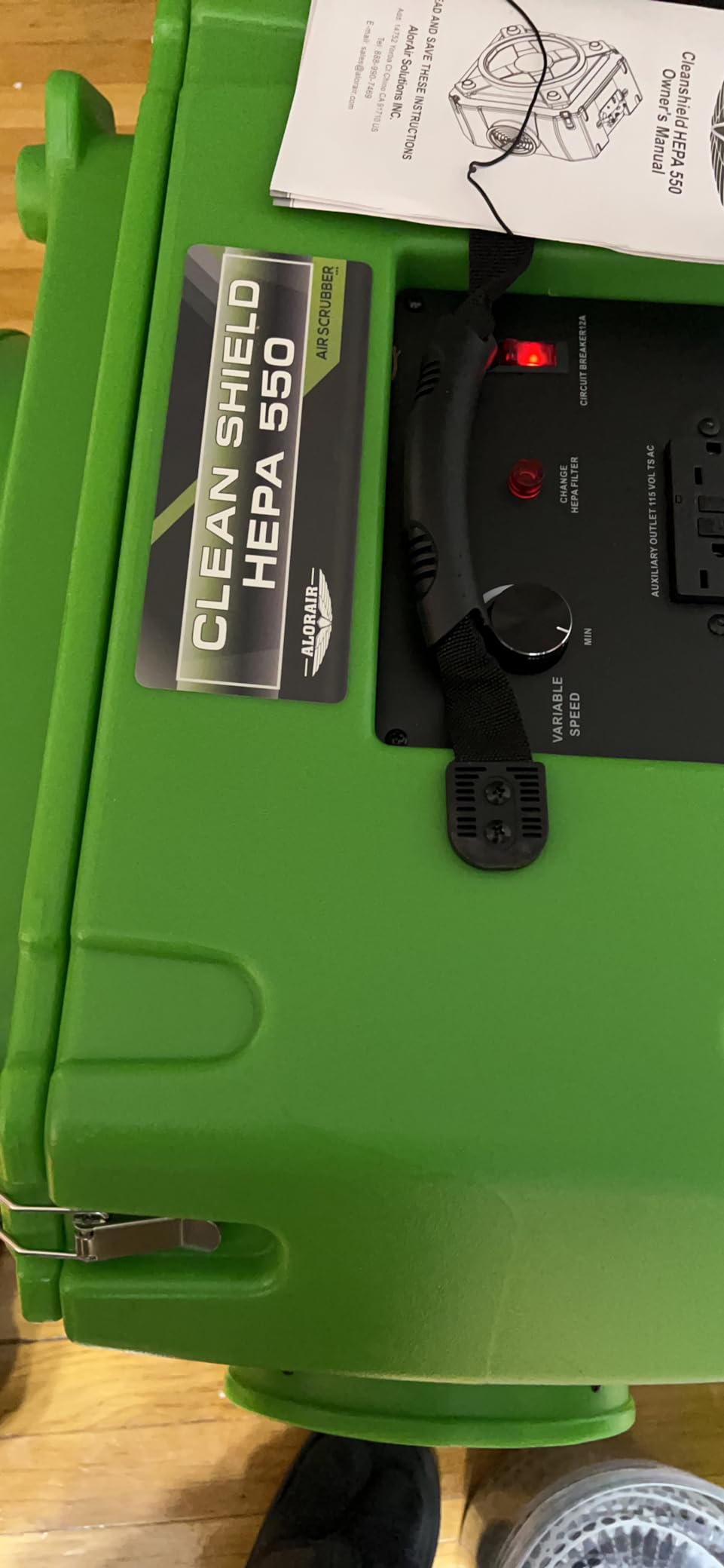 ALORAIR HEPA Air Scrubber with 3 Stage Filtration, Water Damage Restoration | Stackable Negative Air Machine for Commercial, Heavy Duty Air Cleaner with MERV-10 Filter, HEPA Activated Carbon Filter Green customer photo 2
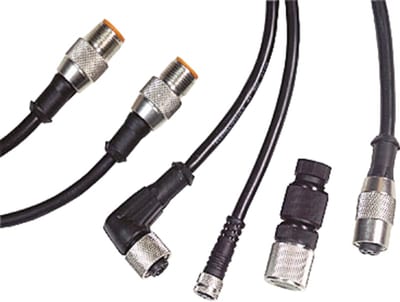 Telemecanique XZCP1965L5 Sensor Cable, M8 female angled, 3-pin, 5 m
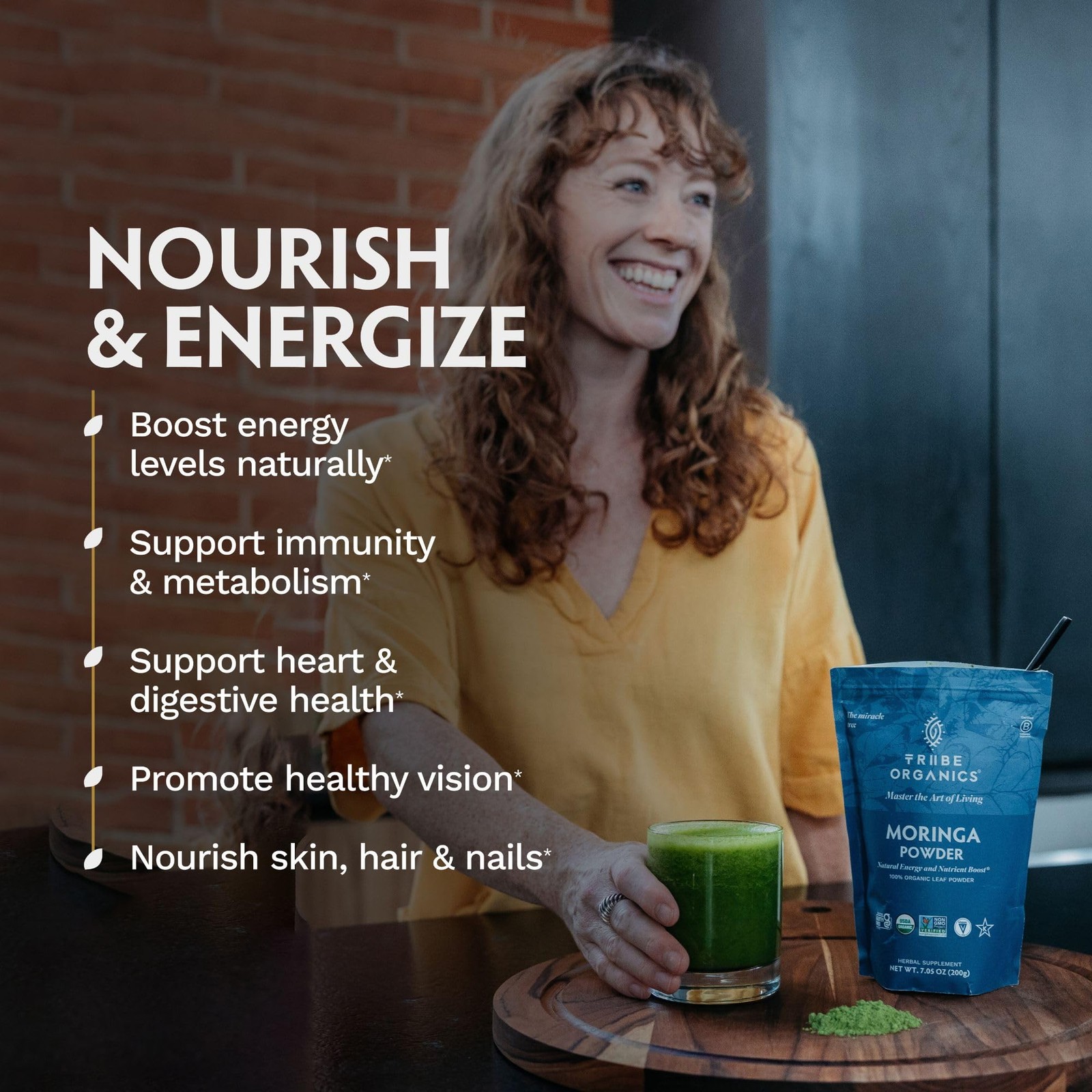 Tribe Organics Organic Moringa Oleifera Powder For Energy Joints –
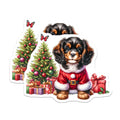 (2 Pack) Cavalier King Charles Spaniel Magnets - Santa Puppy Christmas Decor - Festive Dog Holiday Animal Collectible - 5 Inches On Longest Side - Thick Durable Magnet - Made in USA - MAG24333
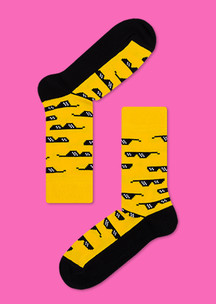 Цветные носки JNRB: Носки Солнечные очки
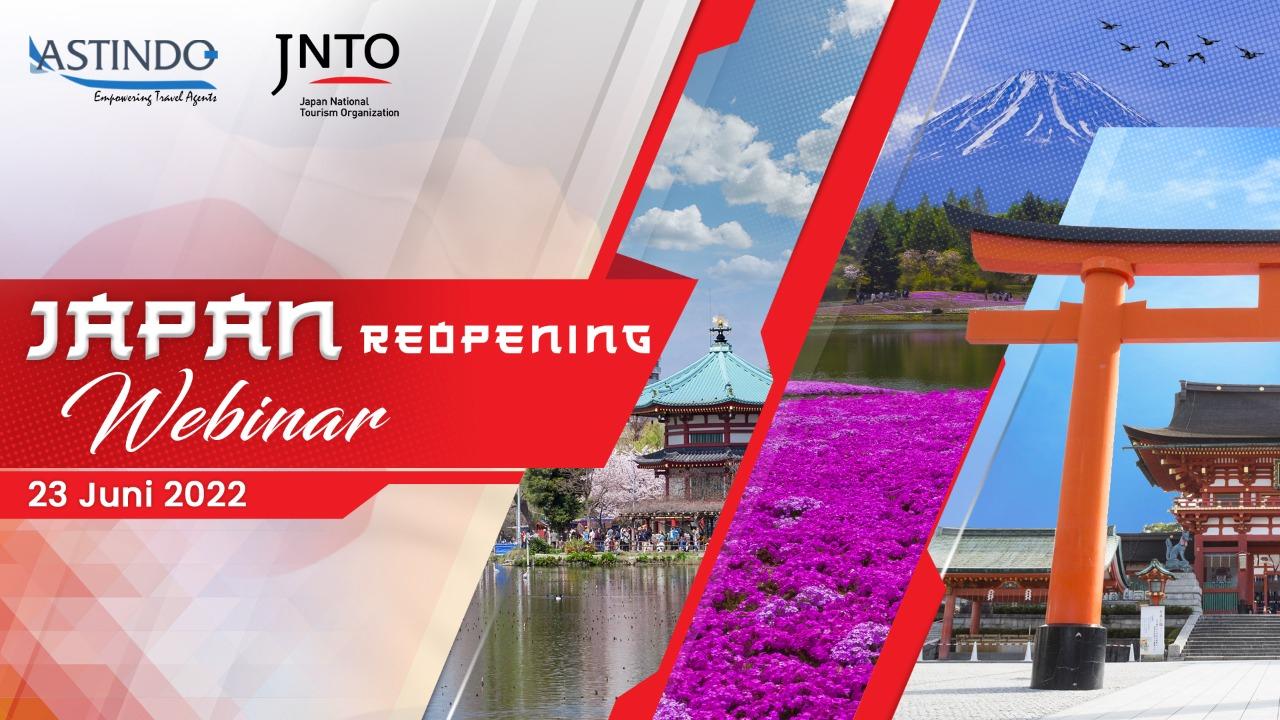Geliatkan Wisata ke Jepang, JNTO Jakarta selenggarakan “Japan Reopening Webinar”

****************************************

_Work instructions_
Your task is to copy exactly the lines from the line containing "(2 Pack) Cavalier" through the final line of the listing above and to omit every picture.

_Exercise answer_
 (2 Pack) Cavalier King Charles Spaniel Magnets - Santa Puppy Christmas Decor - Festive Dog Holiday Animal Collectible - 5 Inches On Longest Side - Thick Durable Magnet - Made in USA - MAG24333
 Цветные носки JNRB: Носки Солнечные очки
Geliatkan Wisata ke Jepang, JNTO Jakarta selenggarakan “Japan Reopening Webinar”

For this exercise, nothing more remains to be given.